Mode of Entry by Foreign Direct Investment
PAG must carefully consider the mode of enntry into this market because each mode has different financial implications. Exporting will be the best, when the exported goods are of high value and fetch high prices in the market. For PAG, this option will not be the best because the goods are relatively cheap. This may have adverse financial consequences for the company. Another risk of exporting the goods is stiff competition that PAG is likely to face from local goods. Thorough advertisement will be needed. Hence, the cost of operation will be high. This will not be ideal for cheap household goods. License will be the most optimal mode of entry into this market. The advantage of this is that the companies, which are licensed to produce goods on behalf of the foreign investor, have already had an elaborate distribution system. In addition, they have a wide customer base in existence. Therefore, the market for products will be guaranteed. It will also cut down advertising expenses. Goods will be more appealing to customers, who will view them as products of their home company rather than foreign firm. Existing companies have the necessary technological knowhow. Hence, PAG will not be required to incur large expenses on infrastructure and technology.

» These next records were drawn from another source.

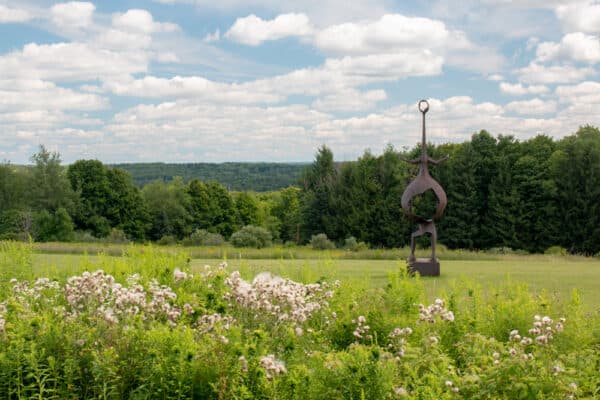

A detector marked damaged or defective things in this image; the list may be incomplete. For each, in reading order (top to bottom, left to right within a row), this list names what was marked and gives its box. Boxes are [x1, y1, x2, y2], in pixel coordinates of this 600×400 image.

rusty patina [400, 100, 448, 262]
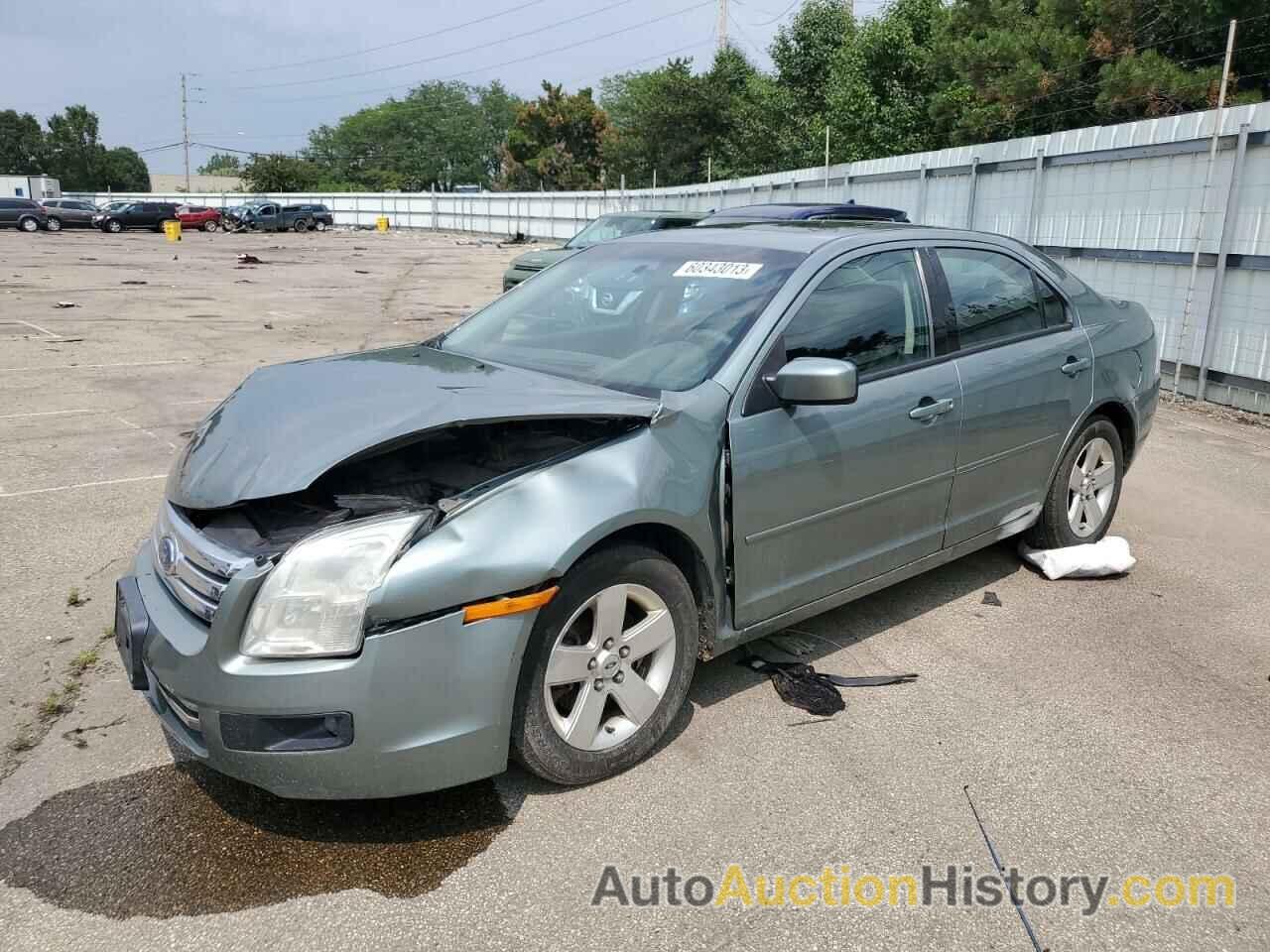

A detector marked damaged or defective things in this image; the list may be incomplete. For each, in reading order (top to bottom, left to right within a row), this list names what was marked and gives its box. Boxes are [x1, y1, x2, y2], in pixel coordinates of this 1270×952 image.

crumpled hood [166, 340, 655, 508]
crumpled hood [510, 250, 581, 271]
cracked asphalt [0, 229, 1264, 952]
damaged sedan [119, 223, 1163, 796]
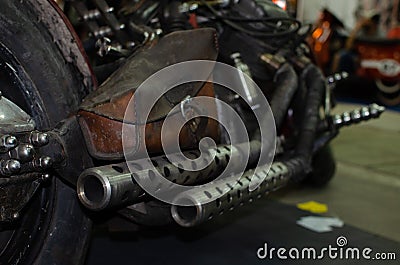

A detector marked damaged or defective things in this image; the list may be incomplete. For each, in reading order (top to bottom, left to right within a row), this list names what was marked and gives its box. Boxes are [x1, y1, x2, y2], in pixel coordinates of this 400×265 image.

rusted metal surface [78, 28, 220, 159]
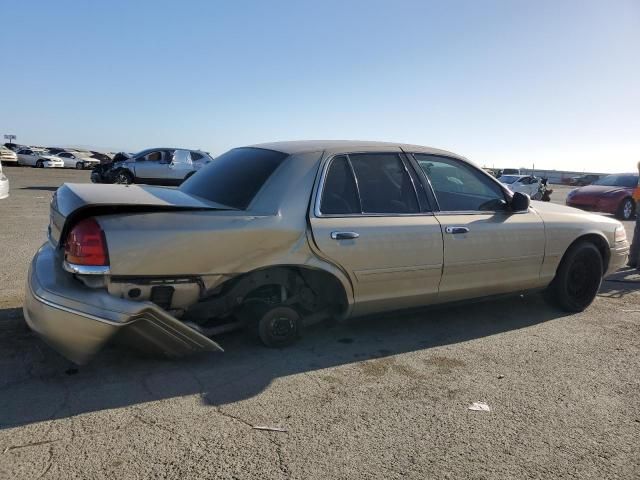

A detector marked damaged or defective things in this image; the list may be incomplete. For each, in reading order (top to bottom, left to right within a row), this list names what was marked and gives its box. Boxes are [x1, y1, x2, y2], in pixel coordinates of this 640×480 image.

broken tail light [64, 218, 109, 266]
detached trunk lid [50, 182, 230, 246]
damaged gold sedan [25, 140, 632, 364]
exposed wheel well [564, 233, 612, 274]
crumpled rear bumper [23, 244, 224, 364]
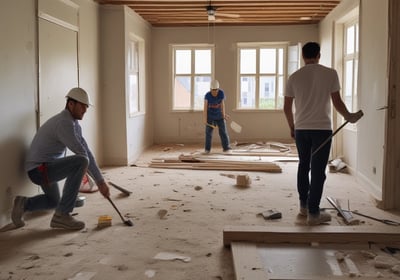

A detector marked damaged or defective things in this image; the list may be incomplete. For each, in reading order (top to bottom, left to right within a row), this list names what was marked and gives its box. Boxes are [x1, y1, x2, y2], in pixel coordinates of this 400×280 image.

damaged flooring [0, 143, 400, 278]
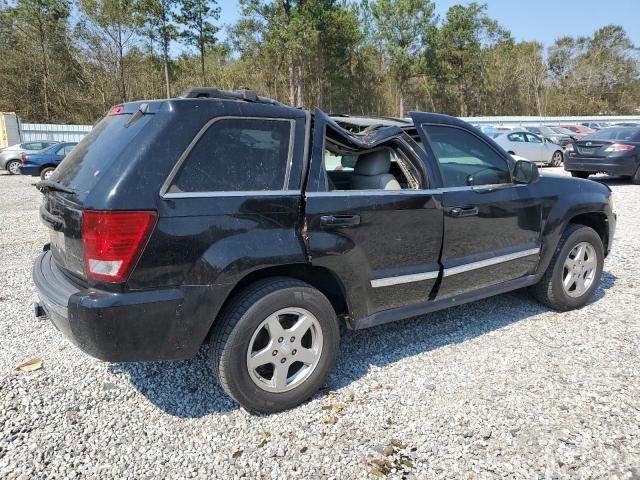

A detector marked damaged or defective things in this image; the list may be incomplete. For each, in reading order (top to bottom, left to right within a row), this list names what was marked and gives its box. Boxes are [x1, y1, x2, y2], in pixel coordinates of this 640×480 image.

damaged black jeep [33, 88, 616, 410]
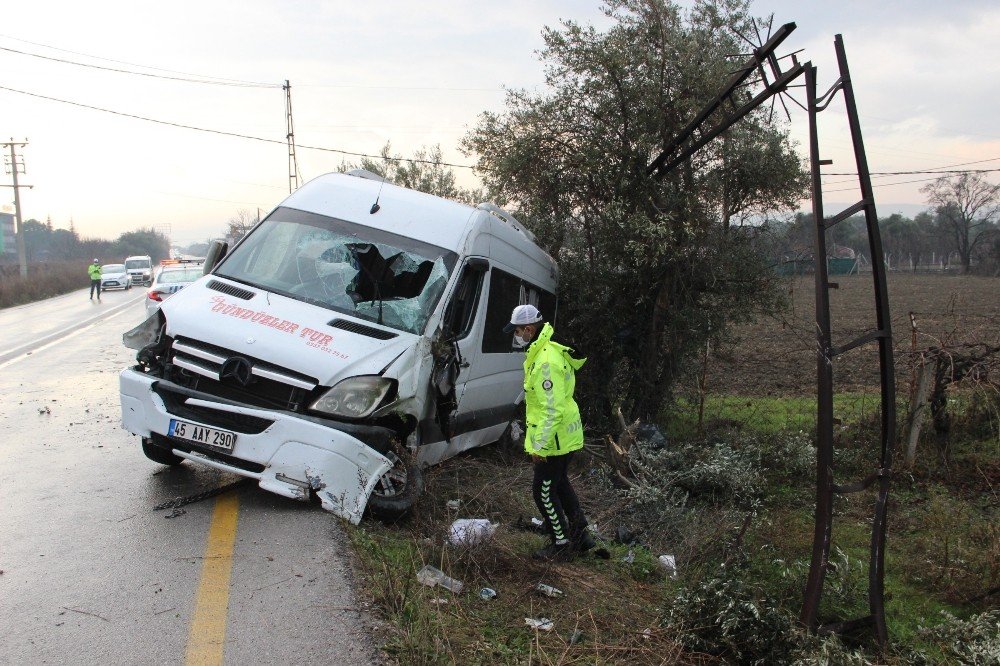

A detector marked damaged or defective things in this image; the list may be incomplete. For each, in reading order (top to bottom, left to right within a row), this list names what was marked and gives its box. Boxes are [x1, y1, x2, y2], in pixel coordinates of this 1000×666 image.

shattered windshield [217, 206, 458, 334]
crashed white minibus [121, 169, 560, 520]
crumpled front bumper [119, 366, 392, 520]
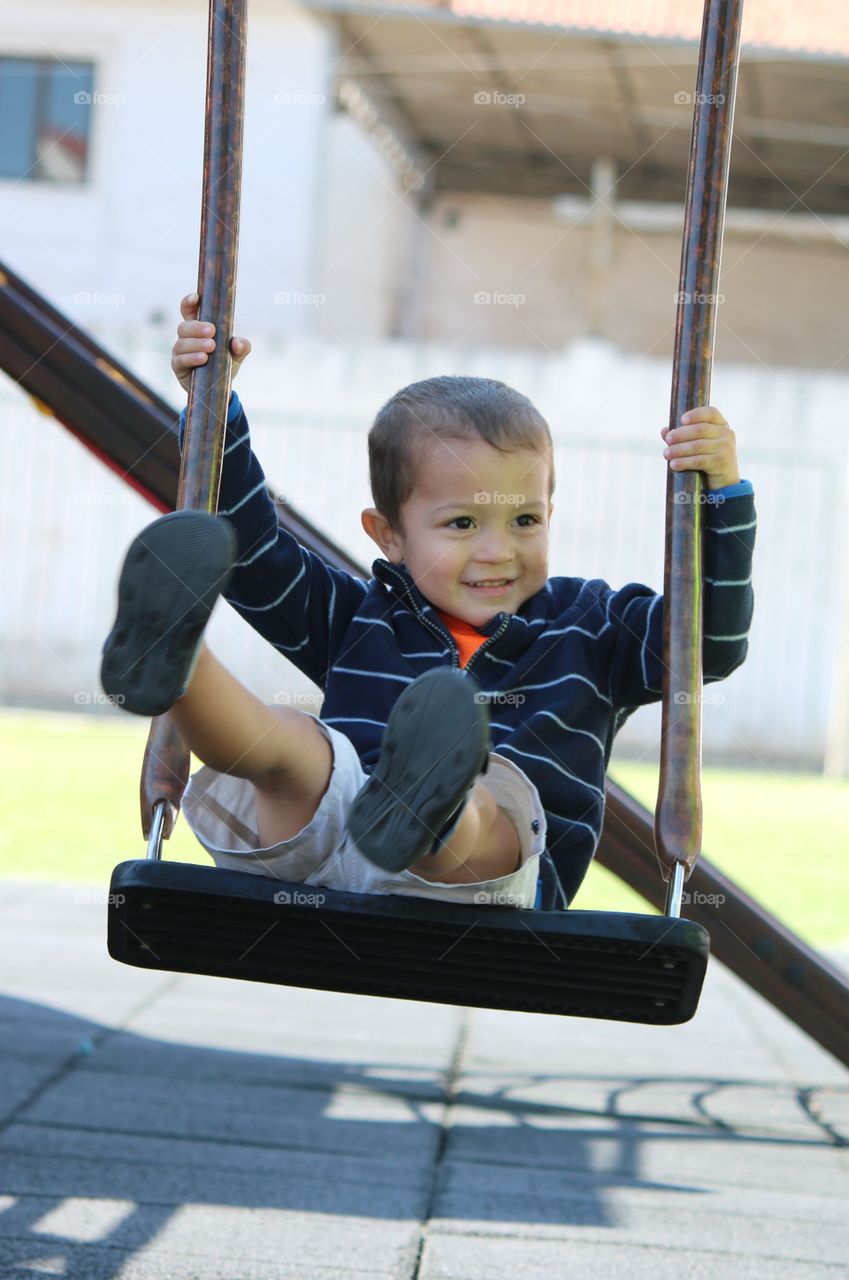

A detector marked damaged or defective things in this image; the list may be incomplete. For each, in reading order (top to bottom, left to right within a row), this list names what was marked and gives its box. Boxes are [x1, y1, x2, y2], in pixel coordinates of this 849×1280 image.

However, PAG has to ensure compatibility of the production technology used by the licensed company in order to guarantee that the quality of its products is not compromised. Launch of a new plant is another viable option. The Chinese government offers tax incentives to foreign investors, who are willing to construct new plants in the economy. This will make the cost of starting a new business in China cheap for PAG. Another advantage of Greenfield investment is that the cost of transportation associated with exports will be eliminated. However, Greenfield investment will take PAG more time before it starts its operations in China (The US-China Business Council 2012). Acquisition is also viable, but it can have negative economic implication in the short run. The cost of acquisition can be high. Compatibility between acquired and parent companies may be lacking as they are exposed to different cultures. The other risk that PAG possibly will face in acquiring an existing firm is the changing perception of customers. They may view the acquired business suspiciously negatively affecting the sales of PAC.
Political and Cultural Impact on FDI in China
The political climate is more favourable than ever for foreign investment nowadays. The introduction of tax incentives to foreign investors by the Chinese government is one of the political decisions to promote foreign investment. There are several reforms that have been made in order to encourage FDI. However, the abuse of human rights by the government, especially in Tibet, should be taken into consideration. The Chinese people are very hard working. They tirelessly contribute to the economic prosperity of China. They have a welcoming culture that is conducive to foreign investors. However, corruption is still rampant in this country, which may hinder the performance of PAG in the new market. The perception of foreign companies as a threat to their local industry is another hurdle in the economy. Thus, PAG must carefully select the most appropriate mode of entry in order to avoid direct conflict.